§ **What needs to be done**
In the material below, find the span from the line with "Casa con ph al fondo" to the line with "Brutal football foul-Genk" and transcribe only those lines, exactly, ends included, without the pictures.

§ **Information**
┄┄┄┄┄┄

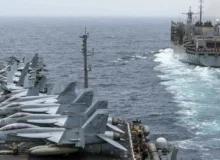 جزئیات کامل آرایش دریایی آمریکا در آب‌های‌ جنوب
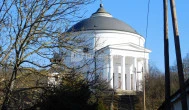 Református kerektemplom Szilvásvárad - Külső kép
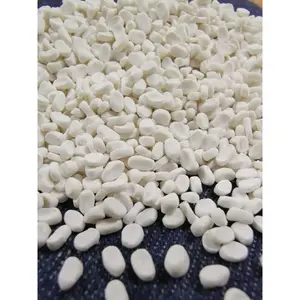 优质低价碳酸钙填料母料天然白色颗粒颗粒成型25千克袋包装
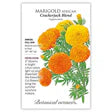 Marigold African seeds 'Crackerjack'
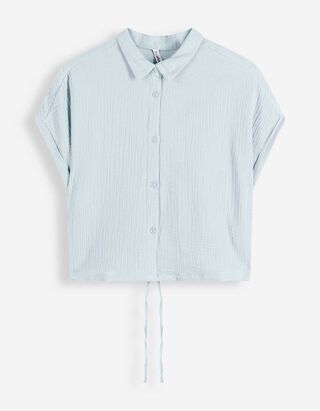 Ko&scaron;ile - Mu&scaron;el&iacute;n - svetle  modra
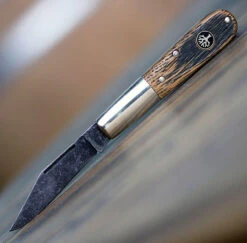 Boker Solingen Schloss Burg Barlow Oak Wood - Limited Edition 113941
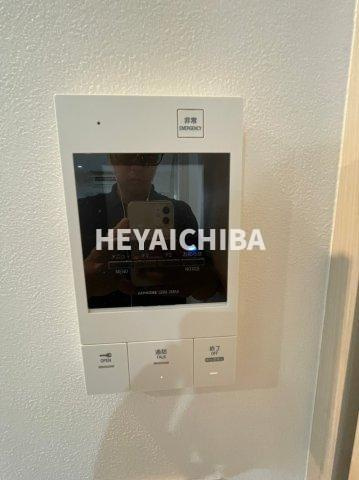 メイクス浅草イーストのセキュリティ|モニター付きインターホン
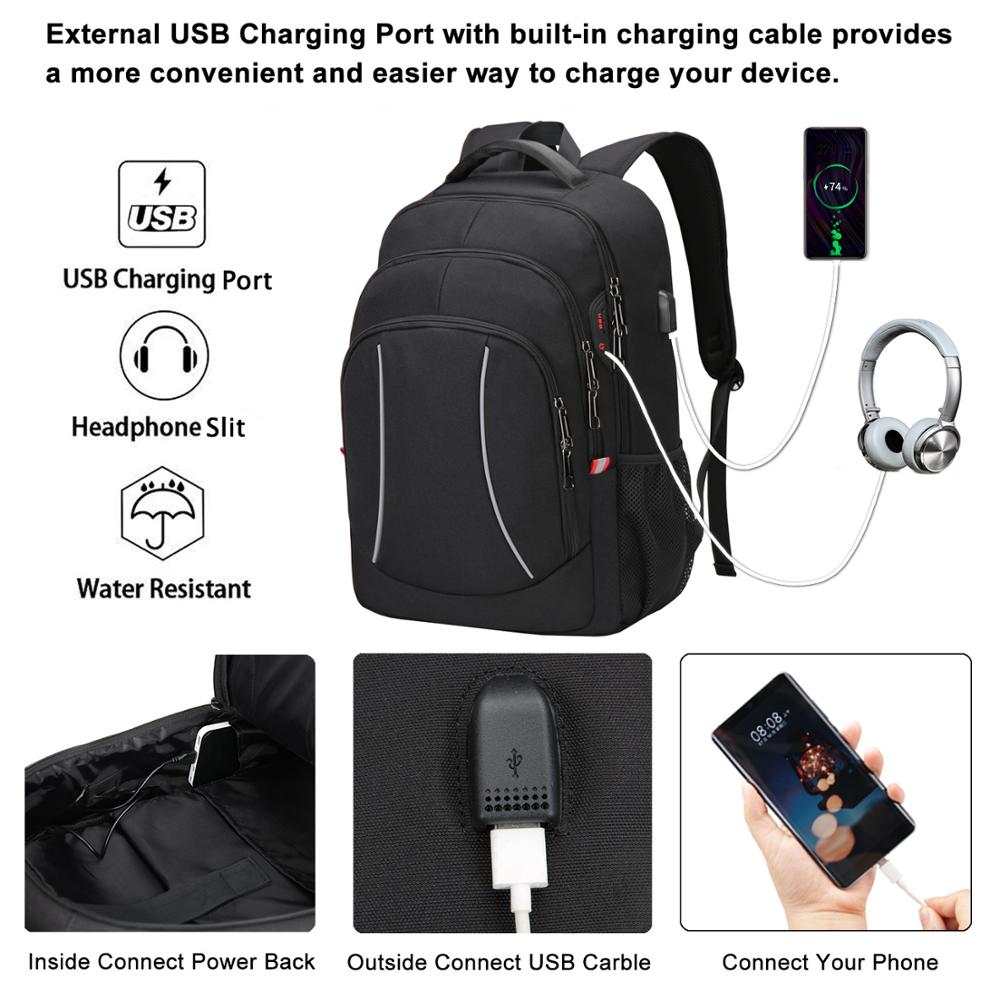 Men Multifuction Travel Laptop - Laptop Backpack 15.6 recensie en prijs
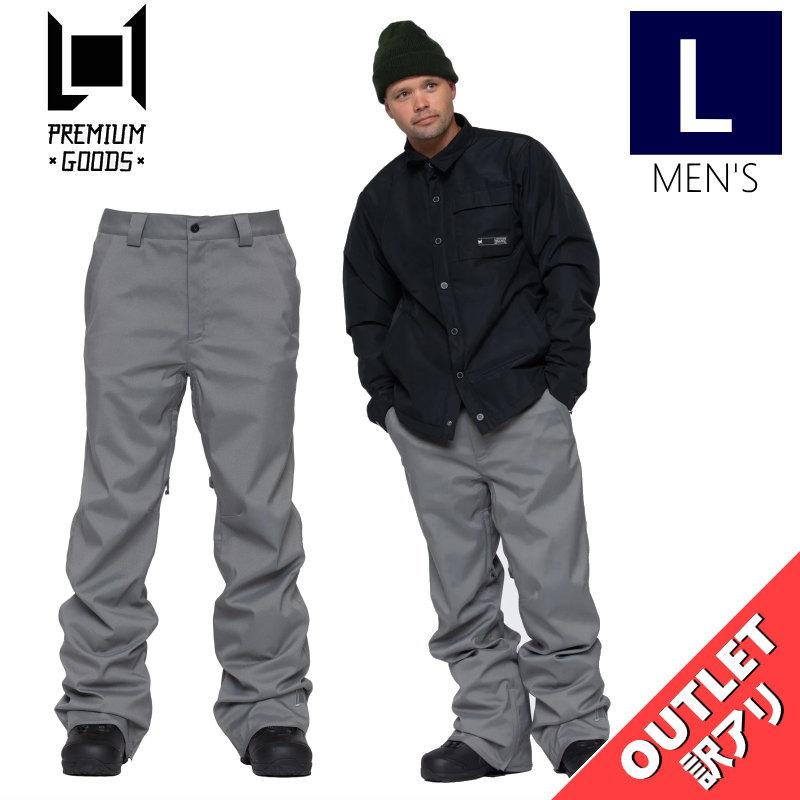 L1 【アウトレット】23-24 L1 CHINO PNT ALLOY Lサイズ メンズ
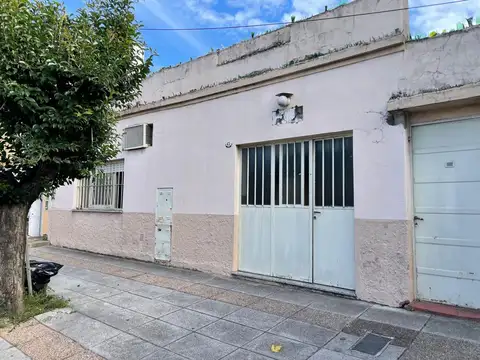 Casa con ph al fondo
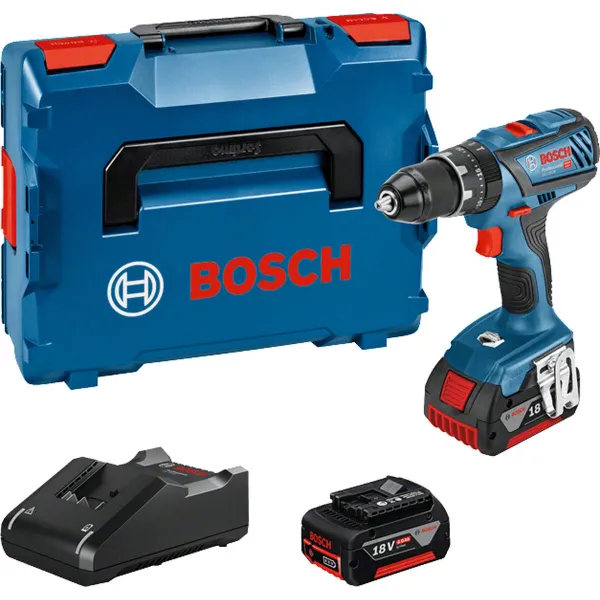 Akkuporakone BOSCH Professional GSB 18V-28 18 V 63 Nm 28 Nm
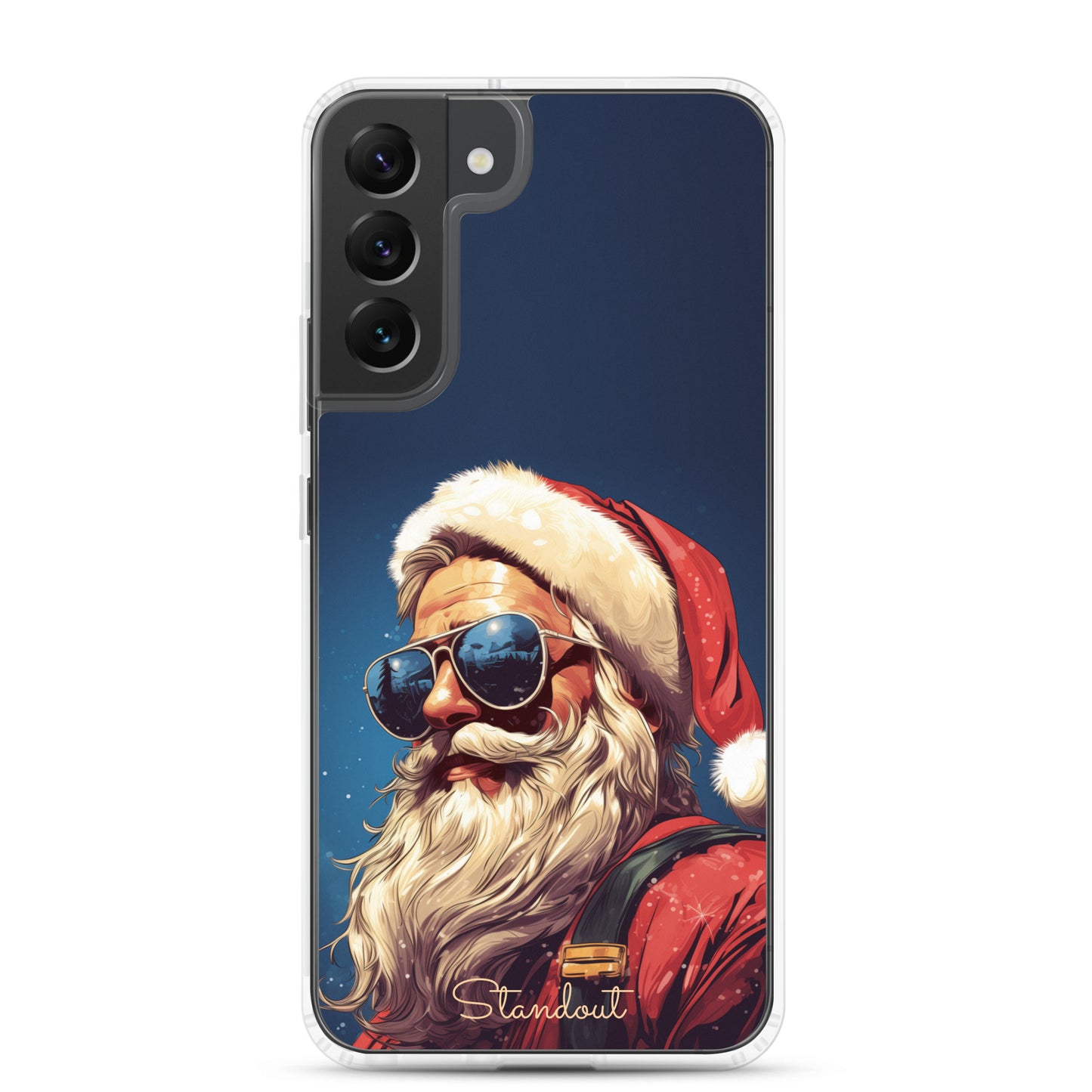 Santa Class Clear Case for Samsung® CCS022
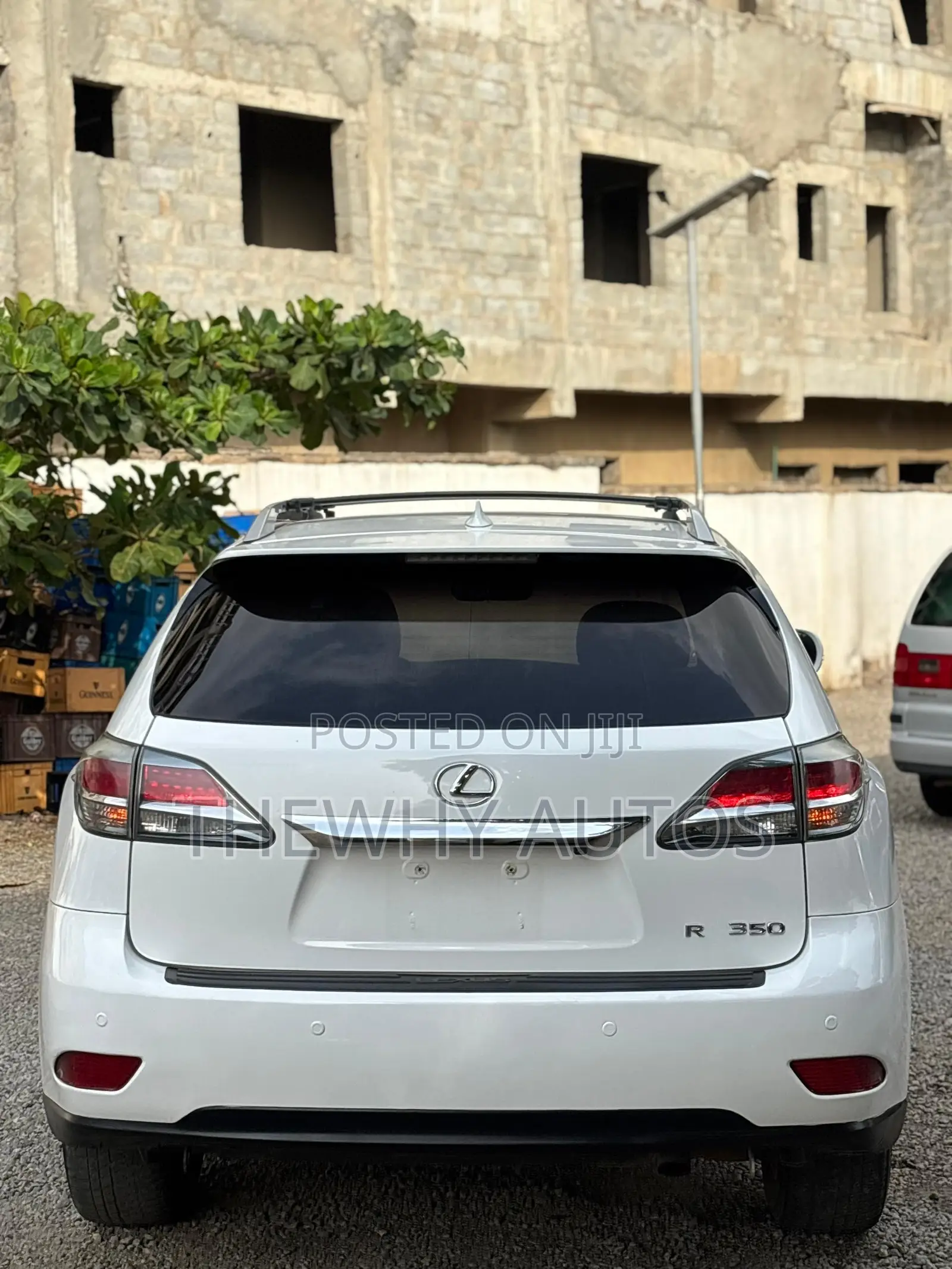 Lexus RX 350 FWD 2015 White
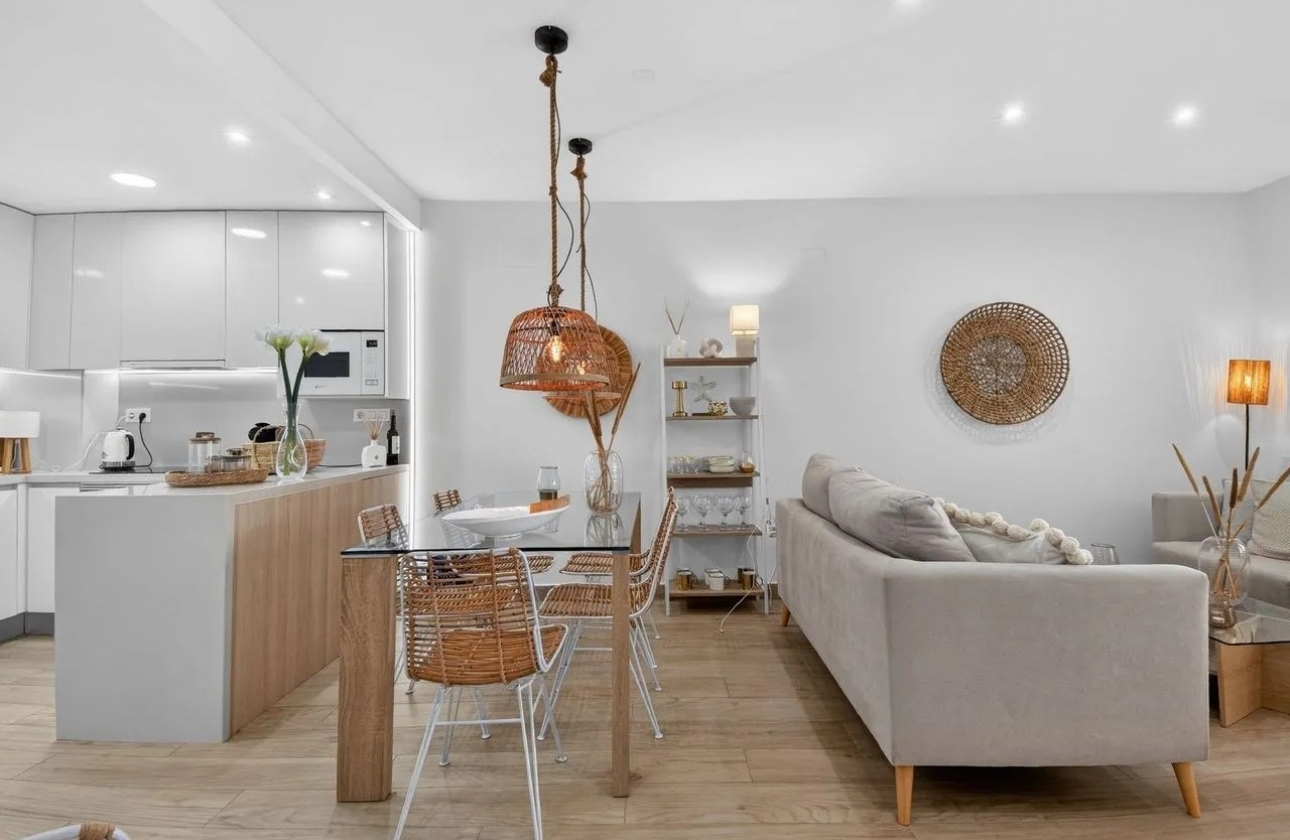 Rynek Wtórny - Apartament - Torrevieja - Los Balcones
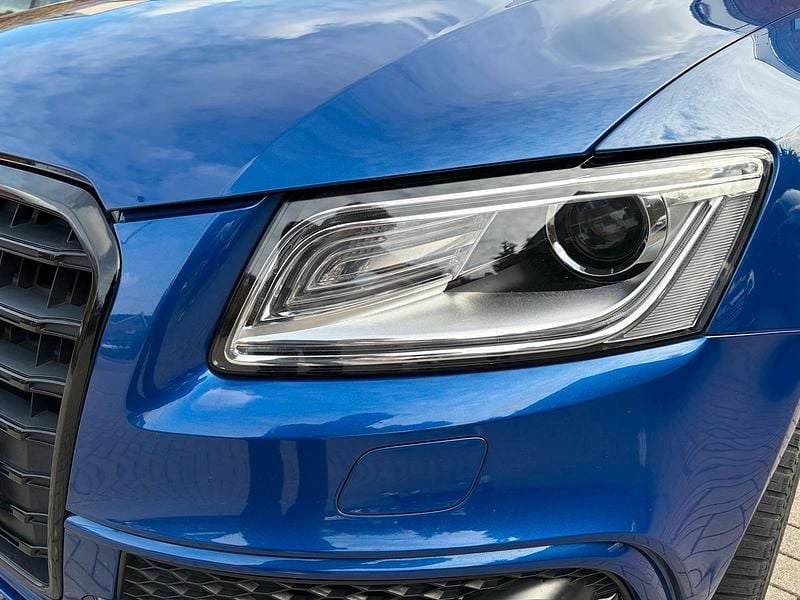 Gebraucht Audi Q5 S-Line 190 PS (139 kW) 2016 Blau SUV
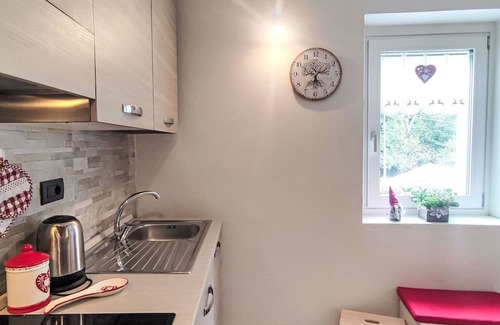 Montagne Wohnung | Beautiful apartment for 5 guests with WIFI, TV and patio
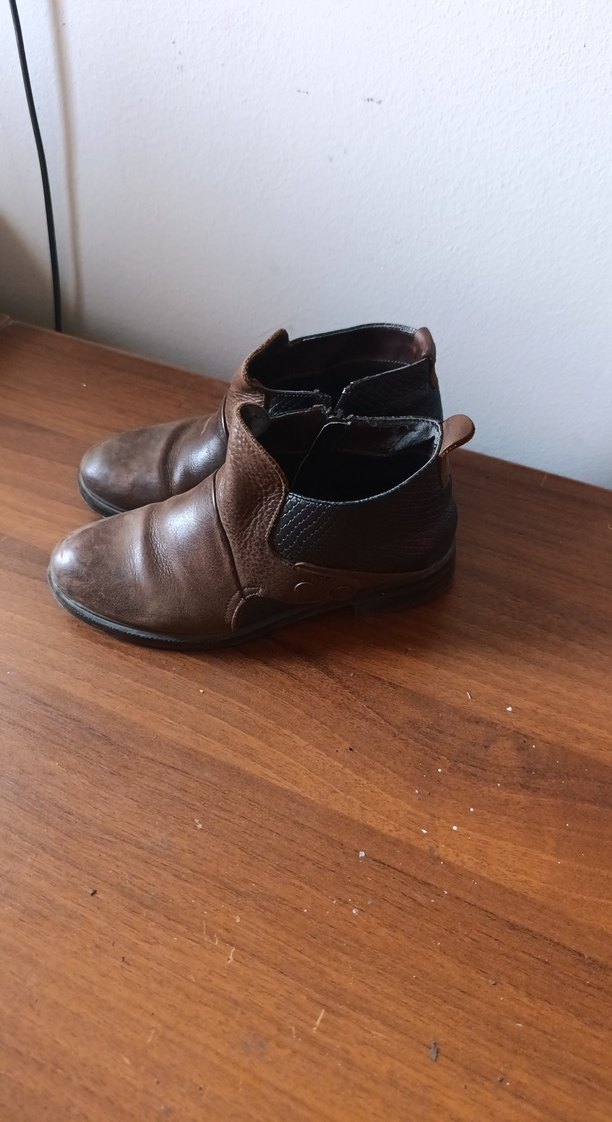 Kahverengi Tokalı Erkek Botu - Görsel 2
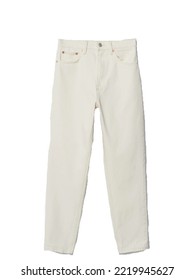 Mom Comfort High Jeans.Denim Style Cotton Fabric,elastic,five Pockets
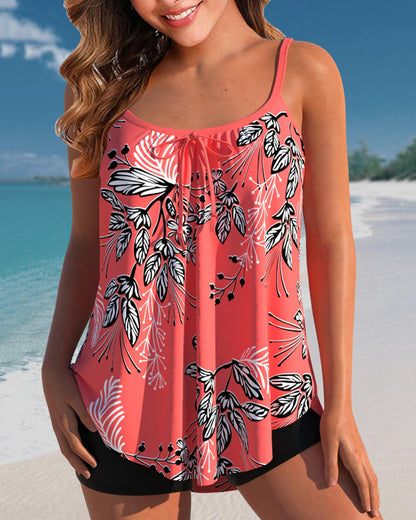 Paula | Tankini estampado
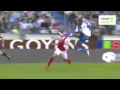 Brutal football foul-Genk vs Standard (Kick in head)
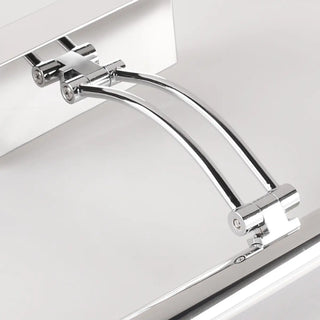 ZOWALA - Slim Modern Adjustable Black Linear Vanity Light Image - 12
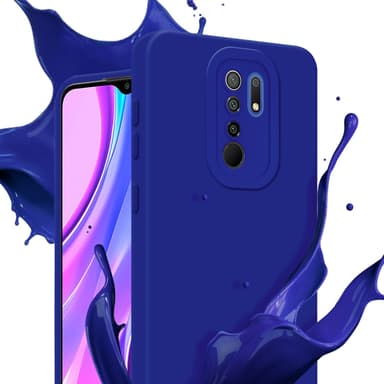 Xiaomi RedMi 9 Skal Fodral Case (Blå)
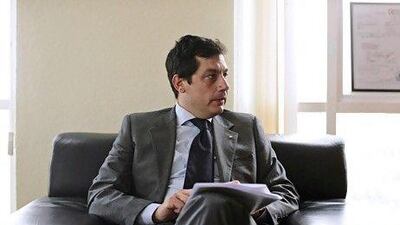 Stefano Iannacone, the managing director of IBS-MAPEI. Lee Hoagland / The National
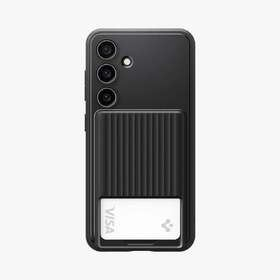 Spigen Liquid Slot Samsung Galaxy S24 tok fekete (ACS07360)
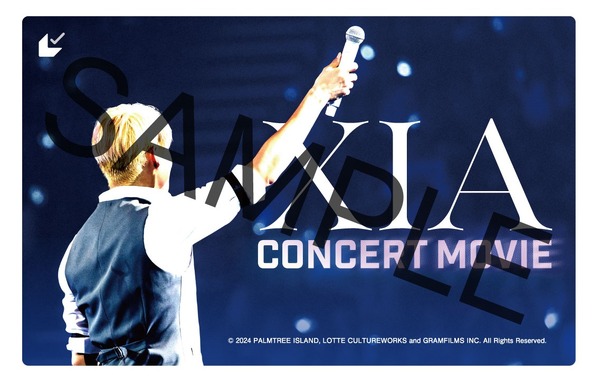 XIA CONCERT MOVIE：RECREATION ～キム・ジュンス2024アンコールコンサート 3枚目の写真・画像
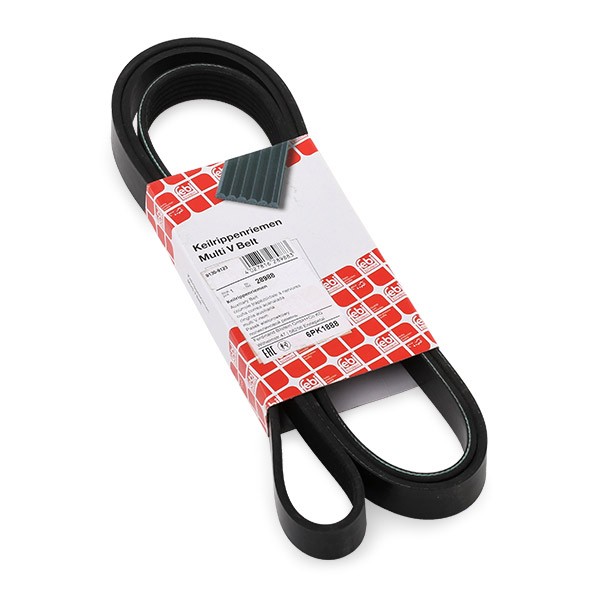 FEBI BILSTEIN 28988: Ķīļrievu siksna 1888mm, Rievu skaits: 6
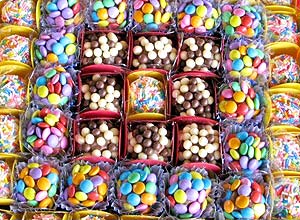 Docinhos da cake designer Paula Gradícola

┄┄┄┄┄┄

§ **Your solution**
 Casa con ph al fondo
 Akkuporakone BOSCH Professional GSB 18V-28 18 V 63 Nm 28 Nm
 Santa Class Clear Case for Samsung® CCS022
 Lexus RX 350 FWD 2015 White
 Rynek Wtórny - Apartament - Torrevieja - Los Balcones
 Gebraucht Audi Q5 S-Line 190 PS (139 kW) 2016 Blau SUV
 Montagne Wohnung | Beautiful apartment for 5 guests with WIFI, TV and patio
 Kahverengi Tokalı Erkek Botu - Görsel 2
 Mom Comfort High Jeans.Denim Style Cotton Fabric,elastic,five Pockets
 Paula | Tankini estampado
 Brutal football foul-Genk vs Standard (Kick in head)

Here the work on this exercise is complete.